68 That interview is relevant to the assessment of the balance of convenience for other reasons. I infer from the content of the interview and from the content of Mr Bennett's email to EBA of 1 December 2016 that ABC predicted that its new naming convention would not be well received by EBA. There is no affidavit of Mr Bennett or any other witness rebutting that inference. ABC does not claim that it did not know of the existence and name of the Station whilst it devised its new naming convention. EBA adduced positive evidence (being ABC News reports) indicating that ABC is well aware of the Station and its name. In that circumstance ABC was in a position to choose when it announced its intentions to EBA relative to the time when it announced its intentions to the world at large and relative to the planned brand roll-out. Mr Bennett's email evidences that ABC turned its mind to the very issue EBA now raises by this litigation, namely the potential for confusion. Insofar as there may, as the result of an injunction, be a delay in the preferred date of ABC's new brand roll-out, I place less weight on that delay as I might otherwise have done had ABC disclosed its intentions to EBA at an earlier time. I stress that ABC was under no legal obligation to inform EBA of its intentions at all. However, its decision to disclose its intentions when it did nonetheless affects the weight to be accorded to its complaint that it will suffer the expense by a sudden change imposed at the eleventh hour.

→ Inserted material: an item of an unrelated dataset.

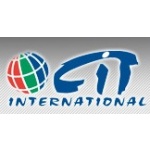 CIT INTERNATIONAL s.r.o. – logo společnosti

69 The balance of convenience favours EBA. It seeks to protect what it asserts to be an established and long-held brand and a registered trade mark against the aspirations of the ABC to introduce a new naming convention. There is no suggestion by ABC that EBA would not make good on its undertaking as to damages should it ultimately be unsuccessful in making out its claims at trial.
70 The application is allowed. I will hear from the parties as to the appropriate form of orders.
I certify that the preceding seventy (70) numbered paragraphs are a true copy of the Reasons for Judgment herein of the Honourable Justice Charlesworth.